Análisis de la oferta de canje de deuda: es razonable y tiene un "as bajo la manga"

Finanzas

La propuesta que está sobre la mesa de negociación muestra un amplio menú de opciones. El gobierno podría convertir la reestructuración en un canje voluntario.

Con la negociación en marcha entre el Ministerio de Economía y los acreedores extranjeros, la oferta argentina que está sobre la mesa muestra un “amplio abanico de posibilidades”, y guarda un “as bajo la manga”, que es convertir la reestructuración en un canje voluntario, tal como surge de un pormenorizado análisis del Observatorio Monetario-Financiero del CEPA.

“En todos los casos, la oferta del Gobierno apunta a ‘aplanar la curva’ de vencimientos para hacerlos más sustentables”, indica el estudio, que pone el foco en la presentación ante la Security Exchange Commission (SEC), de donde surge que existen dos canastas de bonos a canjear/reestructurar: 2005 Indenture Eligible Bonds (los resultantes de los canjes 2005-2010) y 2016 Indenture Eligible Bonds (Globales emitidos en la gestión de Cambiemos).

bonos ofrecidos CEPA

“La principal diferencia entre ambas canastas es que cada grupo tiene una Cláusula de Acción Colectiva (CAC) distinta”, explica el CEPA. Es decir, para que el canje sea compulsivo y haya reestructuración hay que cumplir determinadas condiciones, y según el análisis, dichas condiciones son ampliamente más agresivas (difíciles de lograr) en los bonos 2005, que en los 2016.

En resumen, para el CEPA la oferta argentina presenta tres aristas de abordaje:

Período de gracia, es importante

  • Argentina pide a los acreedores (muchos de los cuales ya deberían haber cobrado intereses de bonos Globales) 3 años de gracia. Lo que equivale a no realizar pagos hasta noviembre de 2022. En este aspecto la propuesta es agresiva, pero funciona como un buen punto a negociar con los acreedores.

Quita en cupones, es importante pero lógica

  • Argentina ofrece bonos con intereses step-up (es decir, que van subiendo con el tiempo), pero comenzando de niveles 0,5%/0,6% y sin superar en ningún caso el 5% a finish. Lo que en comparación con los cupones actuales representa una fuerte quita de interés. Sin embargo, la misma es entendible en el marco de la quita de capital propuesta.

Quita en capital, es baja y en algunos casos nula

  • Las quitas propuestas van de 0% (bonos 2005 en casi todos los casos) a 12%, sin considerar el no-reconocimiento de los intereses corridos (lo que genera que los niveles de quita reales sean sensiblemente superiores).
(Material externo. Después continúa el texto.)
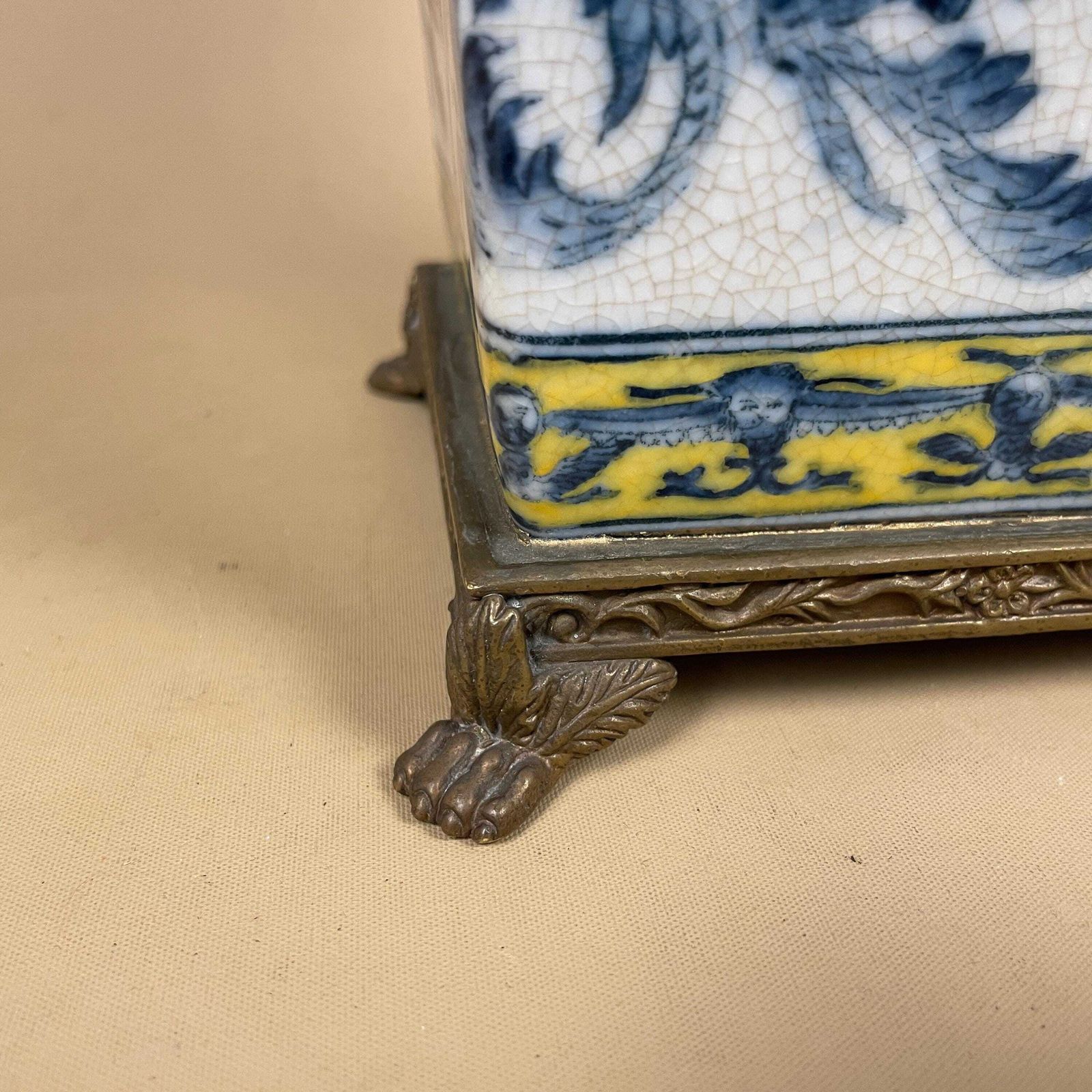 Vintage Ceramic Planter Blue & White Vase With Gold Metal Stand Continental Display Patterned Flared Top Crackle Glaze Flower Yellow photo vintage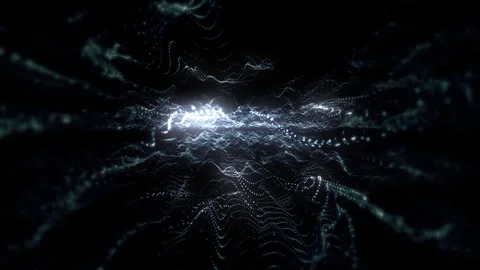 Abstract Digital Particle Wave Loop - Blue Network Background Stock Footage 340987644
En comparación con los precios de mercado y lo que esperaban los acreedores, las quitas de capital han sido sumamente bajas y la compensación para el deudor se realiza enteramente vía el “período de gracia” y el recorte de cupones.

Al respecto, el informe aporta un dato sustancioso. Es que debido a la presentación que hizo el Ministerio de Economía que conduce Martín Guzmán, aún cuando no se lleguen a cumplir esos requisitos de aceptación, no queda invalidada posibilidad de un canje. “Aquí es donde la oferta argentina guarda un ‘as bajo la manga’: si no se alcanzan los niveles de aceptación requeridos por las CACs el Gobierno tiene potestad de convertir la reestructuración en un canje voluntario”, indica el CEPA. Es más, siguiendo esta lógica, incluso el Gobierno podría tomar esa postura sólo para los bonos 2005 y avanzar con una reestructuración de los 2016, debido al tipo de cross-default entre los distintos grupos y entre las distintas series.

En la misma línea, el Gobierno también se reservó la posibilidad de definir los bonos que van a canjearse efectivamente sobre esa lista de “elegibles”. Al respecto, el CEPA sostiene que “esto que parece un detalle, es algo clave” ya que le permite al país sacar de la negociación aquellos bonos en los que tenga bajo nivel de aceptación y mejorar el denominador para cumplir las CAC, también, puede tomar el total sumando ambas canastas.

Como corolario, el CEPA indica que la oferta tiene “un sesgo hacia la mejora de los niveles de liquidez, pero no es tan efectiva para mejorar los indicadores de solvencia en el mediano plazo”. Es que, si bien está claro que el periodo de gracia aporta un escenario más alentador desde la liquidez y la solvencia, a partir de 2026 los vencimientos poscanje son relevantes. “Se sobreentiende que la apuesta del Gobierno debería ser recuperar el acceso a los mercados voluntarios para dicho momento y rollear naturalmente gran parte de esos vencimientos”, señala el estudio. “En esta línea, la oferta es un buen instrumento para comprar tiempo en el marco de una coyuntura financiera global sumamente apremiante”, señala el estudio.